Im Diakonissenkrankenhaus Linz fand am 6. 10. 2000 erstmals in Europa eine neue Form der Operation des Grauen Stars (Cataract) statt.

Linz (OTS) - Bei der von Univ.-Doz. DI Dr. Albert Daxer durchgeführten Operation ist es möglich, ohne lokale Betäubung und ohne Vollnarkose "Problempatienten" etwa mit Blutverdünnung (Antikoagulantientherapie) z.B. nach Herzschrittmacherimplantation oder Herzklappenersatz ohne Absetzen der Blutverdünnung zu operieren.

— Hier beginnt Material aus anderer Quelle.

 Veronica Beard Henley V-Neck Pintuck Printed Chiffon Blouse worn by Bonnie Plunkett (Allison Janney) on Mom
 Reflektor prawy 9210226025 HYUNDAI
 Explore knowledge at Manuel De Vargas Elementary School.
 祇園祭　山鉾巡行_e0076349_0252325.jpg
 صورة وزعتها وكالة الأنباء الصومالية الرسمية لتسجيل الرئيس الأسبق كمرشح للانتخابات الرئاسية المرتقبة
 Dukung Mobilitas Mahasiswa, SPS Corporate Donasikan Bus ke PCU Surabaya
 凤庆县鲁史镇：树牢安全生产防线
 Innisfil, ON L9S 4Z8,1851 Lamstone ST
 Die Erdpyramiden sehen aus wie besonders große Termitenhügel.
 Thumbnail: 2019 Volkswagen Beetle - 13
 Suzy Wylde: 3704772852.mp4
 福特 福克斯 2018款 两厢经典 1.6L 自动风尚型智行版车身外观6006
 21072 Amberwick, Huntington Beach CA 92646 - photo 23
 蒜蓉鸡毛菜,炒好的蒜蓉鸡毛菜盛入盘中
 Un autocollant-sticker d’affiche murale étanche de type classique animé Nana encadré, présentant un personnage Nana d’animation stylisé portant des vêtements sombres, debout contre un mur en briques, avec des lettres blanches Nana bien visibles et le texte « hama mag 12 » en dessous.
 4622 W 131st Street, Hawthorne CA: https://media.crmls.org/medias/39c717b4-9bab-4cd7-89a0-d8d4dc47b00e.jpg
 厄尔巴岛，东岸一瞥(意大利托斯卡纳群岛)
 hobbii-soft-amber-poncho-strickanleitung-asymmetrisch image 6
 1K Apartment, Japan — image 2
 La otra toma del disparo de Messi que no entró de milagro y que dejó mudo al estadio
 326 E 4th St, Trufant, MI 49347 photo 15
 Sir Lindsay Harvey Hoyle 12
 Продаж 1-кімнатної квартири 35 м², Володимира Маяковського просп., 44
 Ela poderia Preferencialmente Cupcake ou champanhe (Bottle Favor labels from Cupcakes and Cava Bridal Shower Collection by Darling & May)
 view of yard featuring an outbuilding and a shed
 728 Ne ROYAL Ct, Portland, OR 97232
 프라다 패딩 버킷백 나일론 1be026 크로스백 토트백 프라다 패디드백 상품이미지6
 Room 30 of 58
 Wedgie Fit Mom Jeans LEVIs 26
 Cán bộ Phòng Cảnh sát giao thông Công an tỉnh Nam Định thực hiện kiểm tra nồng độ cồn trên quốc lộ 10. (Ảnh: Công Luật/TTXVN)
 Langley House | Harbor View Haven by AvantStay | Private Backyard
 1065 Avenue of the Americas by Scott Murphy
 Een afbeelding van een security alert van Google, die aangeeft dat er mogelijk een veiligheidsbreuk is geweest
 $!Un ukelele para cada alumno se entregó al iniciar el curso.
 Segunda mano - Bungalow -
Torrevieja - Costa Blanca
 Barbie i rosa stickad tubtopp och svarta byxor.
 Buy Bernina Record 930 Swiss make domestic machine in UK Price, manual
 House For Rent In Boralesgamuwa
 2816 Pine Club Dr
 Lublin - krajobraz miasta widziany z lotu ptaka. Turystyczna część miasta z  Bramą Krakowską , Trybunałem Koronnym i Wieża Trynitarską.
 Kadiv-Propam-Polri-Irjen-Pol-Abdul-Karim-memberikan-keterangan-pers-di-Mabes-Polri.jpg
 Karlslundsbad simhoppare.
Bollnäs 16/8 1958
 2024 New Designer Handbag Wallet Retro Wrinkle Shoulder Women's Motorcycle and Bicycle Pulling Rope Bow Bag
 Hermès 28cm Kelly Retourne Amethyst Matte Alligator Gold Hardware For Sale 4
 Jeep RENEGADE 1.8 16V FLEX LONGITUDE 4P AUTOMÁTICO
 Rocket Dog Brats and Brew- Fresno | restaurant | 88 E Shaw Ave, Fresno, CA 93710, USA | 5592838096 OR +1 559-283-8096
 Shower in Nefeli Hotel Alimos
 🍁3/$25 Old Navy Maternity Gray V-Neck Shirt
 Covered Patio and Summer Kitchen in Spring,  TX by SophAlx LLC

Dies wird mittels modernster Kleinstschnitttechnik ohne Eröffnung gefäßführender Strukturen und einem speziellen Verfahren zur generellen Schmerzausschaltung (Analgesie) ohne Vollnarkose erreicht.

Bisher standen im Wesentlichen 3 Möglichkeiten zur Operation des Grauen Stars bei dieser, doch relativ großen Patientengruppe, mit verschiedenen Nachteilen offen:

1. Lokalanästhesie mittels Injektion eines Anästhetikums in die Augenhöhle nach Absetzen der Blutverdünnung. Nachteil: Relativ lange Vorbereitung durch Absetzen und Wiederaufnehmen der Antikoagulantientherapie - relativ langer Spitalsaufenthalt.

2. Vollnarkose. Nachteil: Narkoserisiko für alte und kranke Patienten.

3. Lokalanästhesie mittels Tropfanästhesie. Nachteil: Iris nicht anästhesiert, dadurch zum Teil schmerzhaft. Um diesen Schmerz auszuschalten ist es möglich während der Operation ein Lokalanästhetikum in die Augenvorderkammer zu geben. Dieses wirkt toxisch auf die Endothelzellen und kann daher bei älteren Patienten zu einer bleibenden Eintrübung der Hornhaut und damit zu einer stark beeinträchtigten Sehkraft führen.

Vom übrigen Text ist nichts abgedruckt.